[Source records — start]
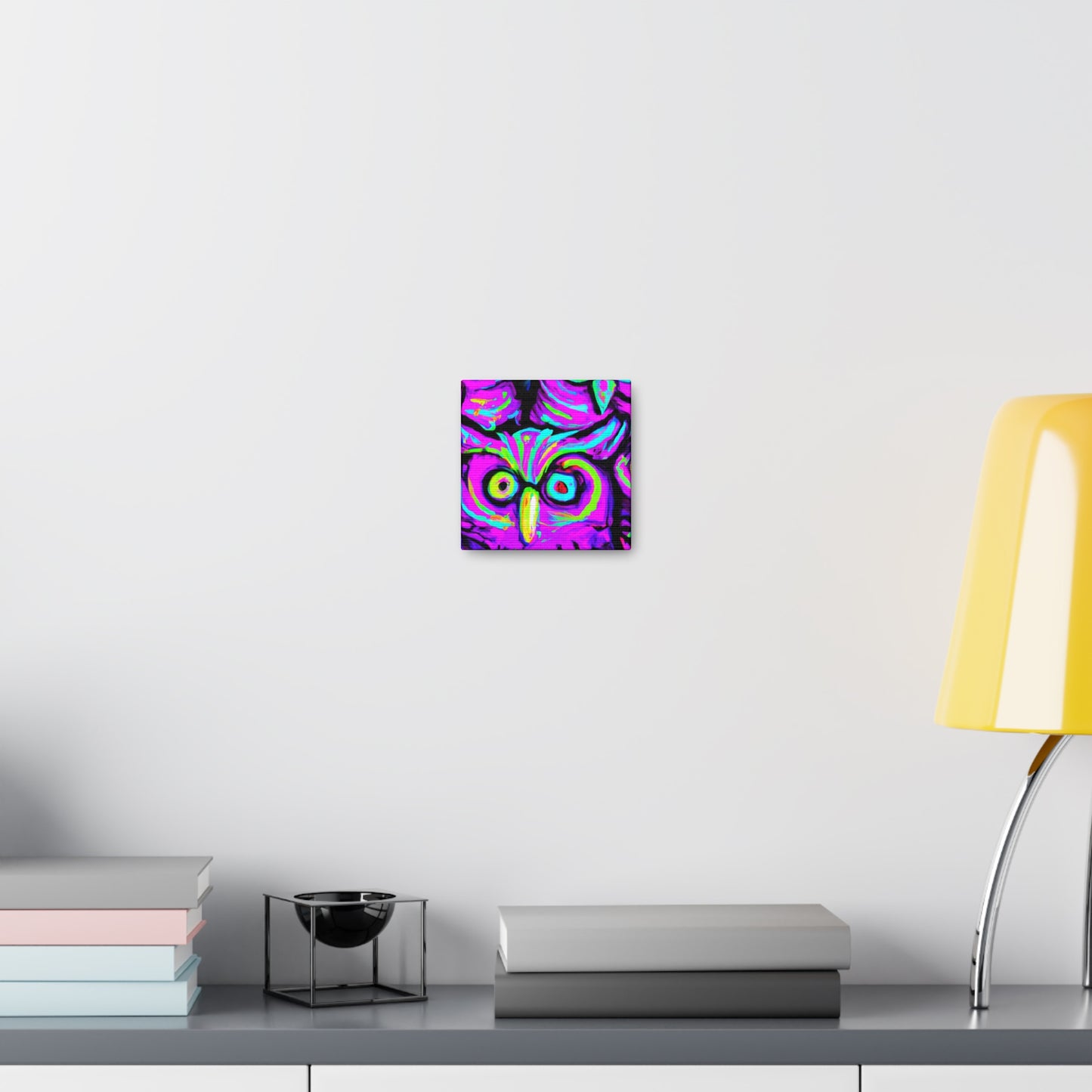 Neon Nocturnal Nocturne NEON Owls Art Canvas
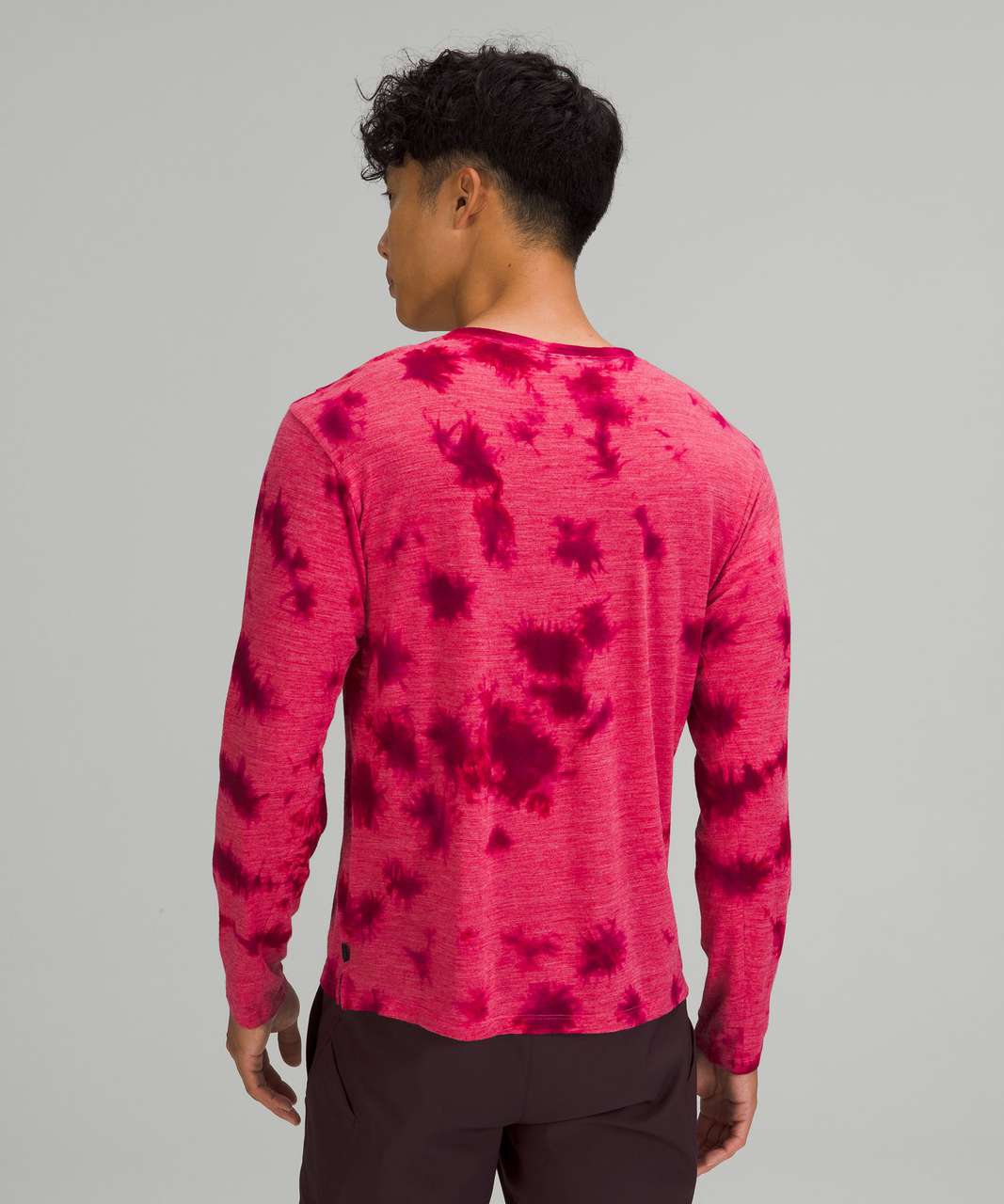 Lululemon lab Wool-Blend Tie Dye T-Shirt - Mimic Tie Dye Pink Dragonfruit  Wild Berry - lulu fanatics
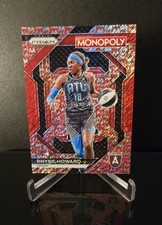 #'ed/100 🔥 RHYNE HOWARD SP 2024 Panini Monopoly Red Millionaire Shimmer Prizm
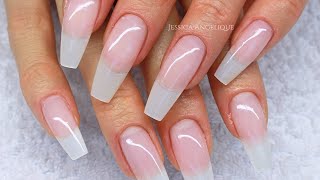 ♡ How To Natural Gelnails with Tips [upl. by Romelda850]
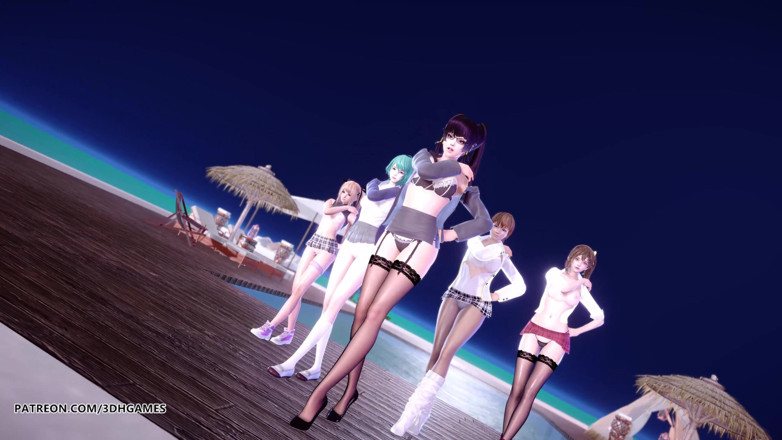 3D-Hentai Games: 2 Phut Hon Sexy Striptease Marie Rose Tamaki Misaki Kasumi...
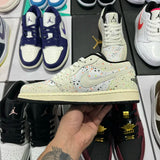 AJ1 Lowb Paint Splatter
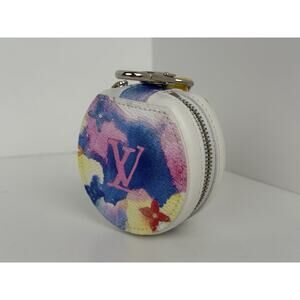 Louis Vuitton Etui Earphones Rainbow Monogram Canvas with Silver-Tone Hardware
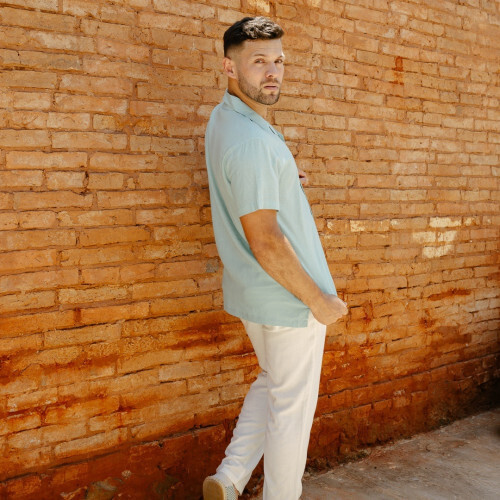 CAMISA LIBERATO BASICS PLAYERA TURQUESA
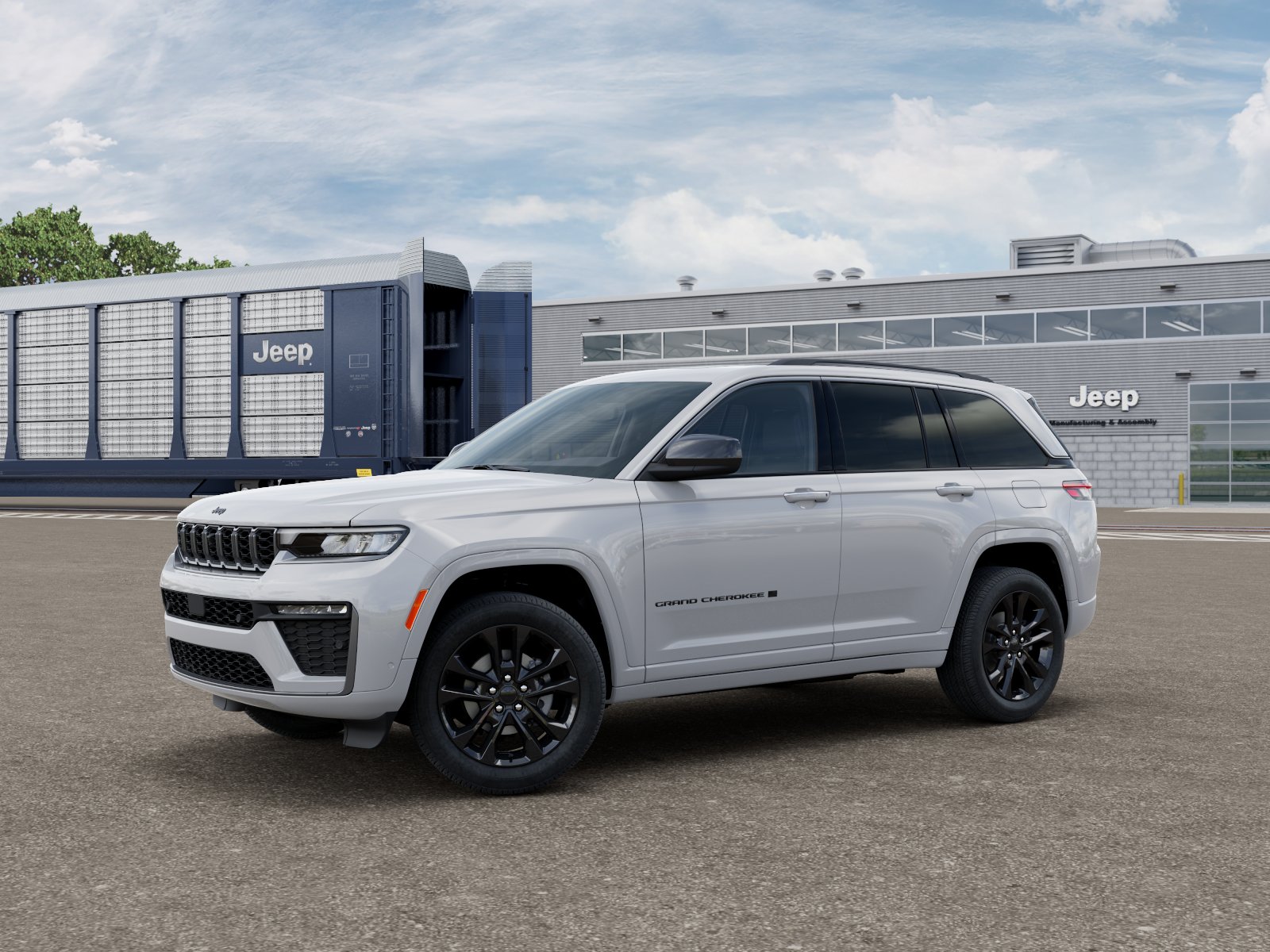 New 2026 Bright White Clear-Coat Exterior Paint Jeep Limited image 3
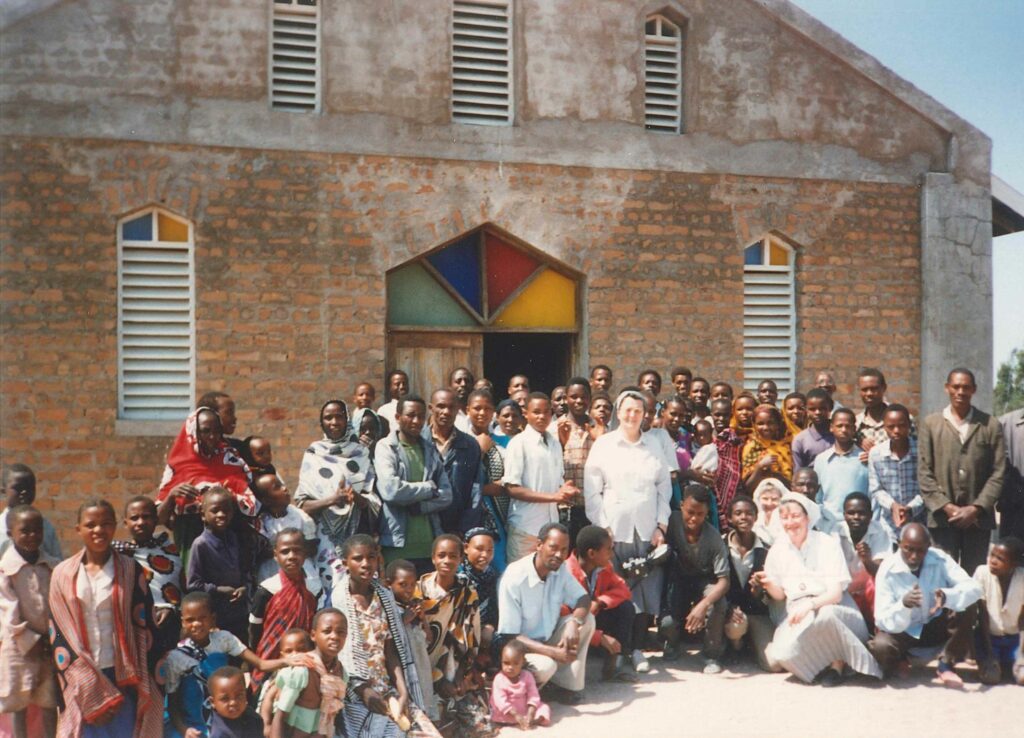 in front of Siuyu church during visit of Sr. Maria Knaus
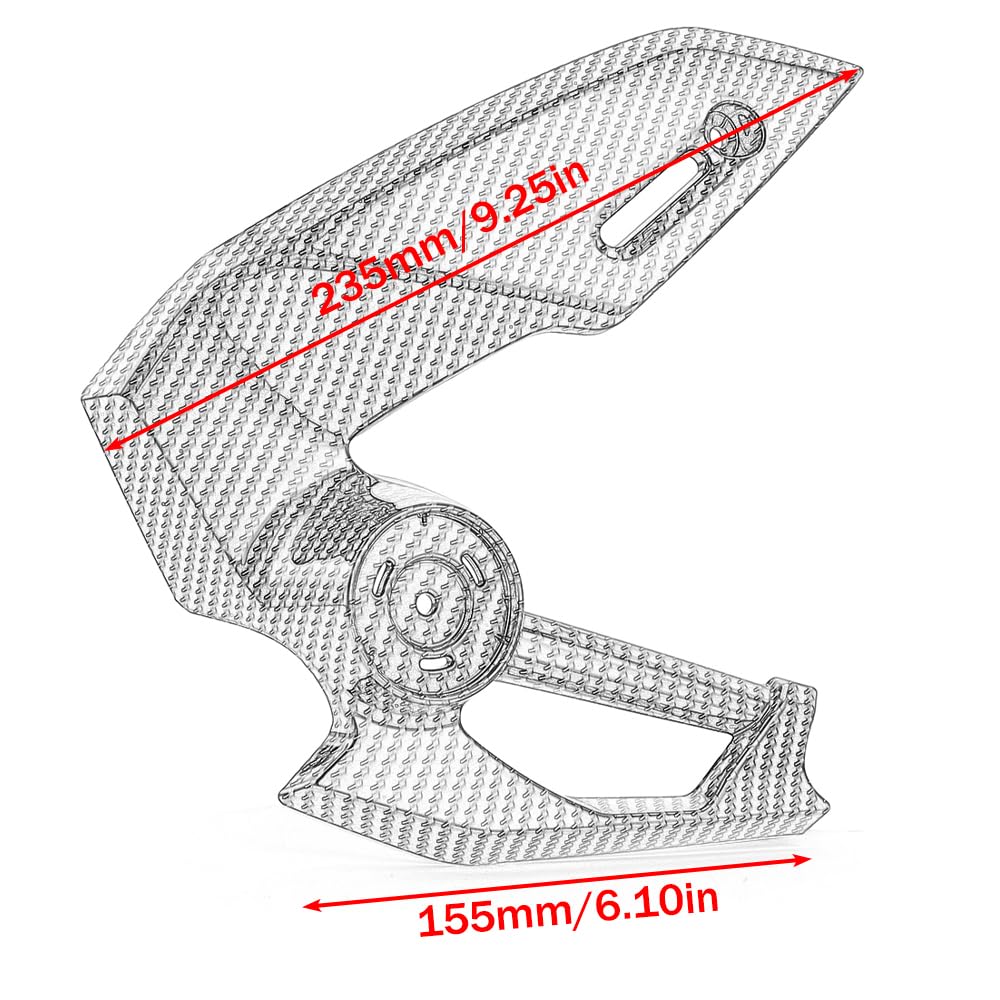 Motorrad Seitenverkleidung Passend für Kawasaki Z900 2025–2026. Linker und rechter Rahmen, Seitenabdeckung, Verkleidungsplatte, Schutz, Spoiler-Gugel-Abdeckung Motorrad Kühlerschutz(A)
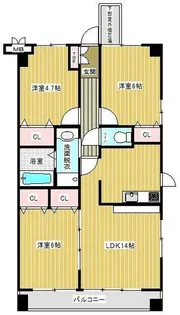 サンシャイン柏の葉【4階】の間取り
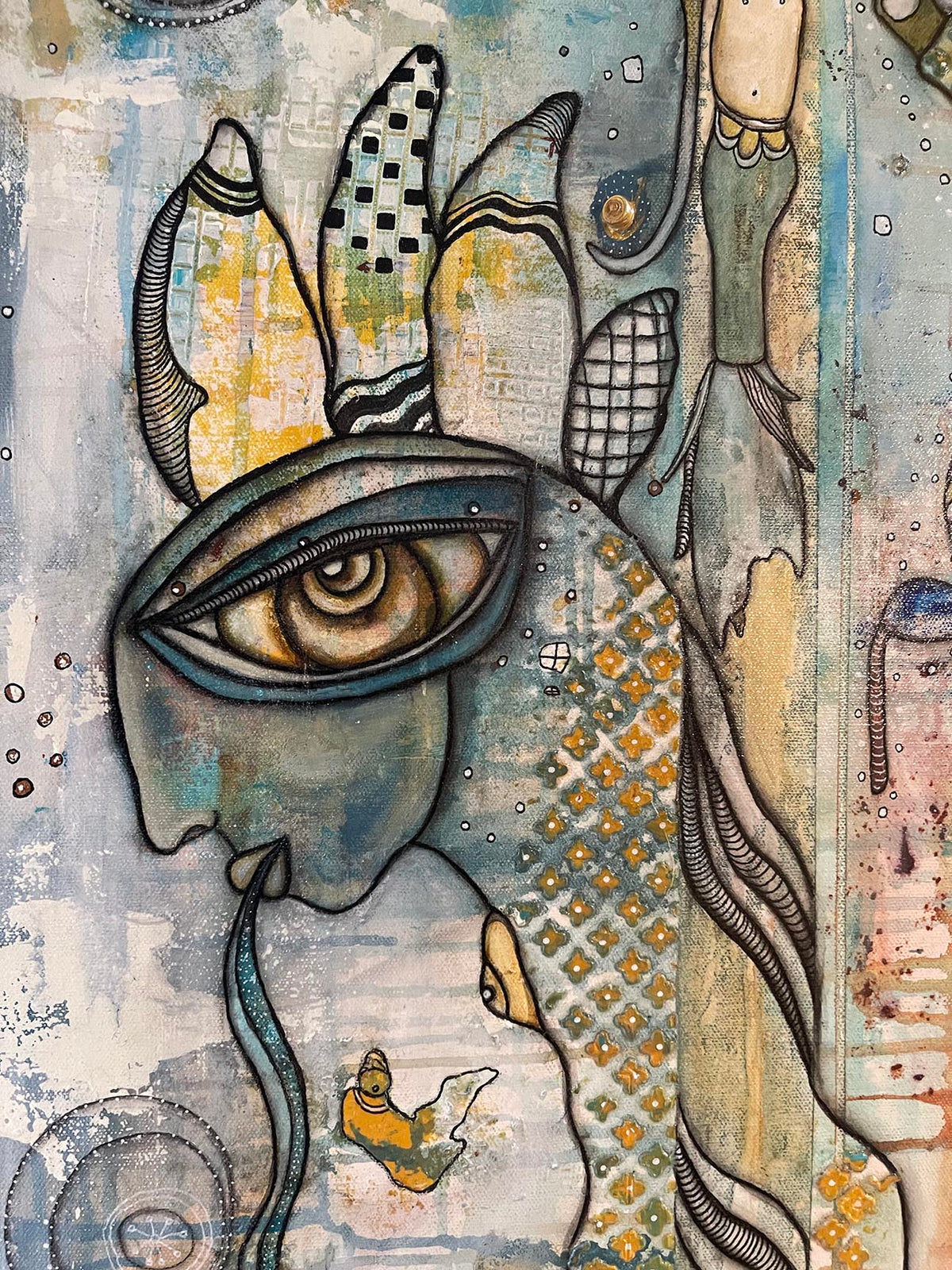 Original Fine Art &#39;Deep Sea Queen&#39;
[Source records — finish]
* Required action
Could you transcribe every entry exactly, leaving out the pictures?

* Result of the task
 Neon Nocturnal Nocturne NEON Owls Art Canvas
 Lululemon lab Wool-Blend Tie Dye T-Shirt - Mimic Tie Dye Pink Dragonfruit  Wild Berry - lulu fanatics
 #'ed/100 🔥 RHYNE HOWARD SP 2024 Panini Monopoly Red Millionaire Shimmer Prizm
 ♡ How To Natural Gelnails with Tips [upl. by Romelda850]
 3D-Hentai Games: 2 Phut Hon Sexy Striptease Marie Rose Tamaki Misaki Kasumi...
 AJ1 Lowb Paint Splatter
 Louis Vuitton Etui Earphones Rainbow Monogram Canvas with Silver-Tone Hardware
 CAMISA LIBERATO BASICS PLAYERA TURQUESA
 New 2026 Bright White Clear-Coat Exterior Paint Jeep Limited image 3
 in front of Siuyu church during visit of Sr. Maria Knaus
 Motorrad Seitenverkleidung Passend für Kawasaki Z900 2025–2026. Linker und rechter Rahmen, Seitenabdeckung, Verkleidungsplatte, Schutz, Spoiler-Gugel-Abdeckung Motorrad Kühlerschutz(A)
 サンシャイン柏の葉【4階】の間取り
 Original Fine Art &#39;Deep Sea Queen&#39;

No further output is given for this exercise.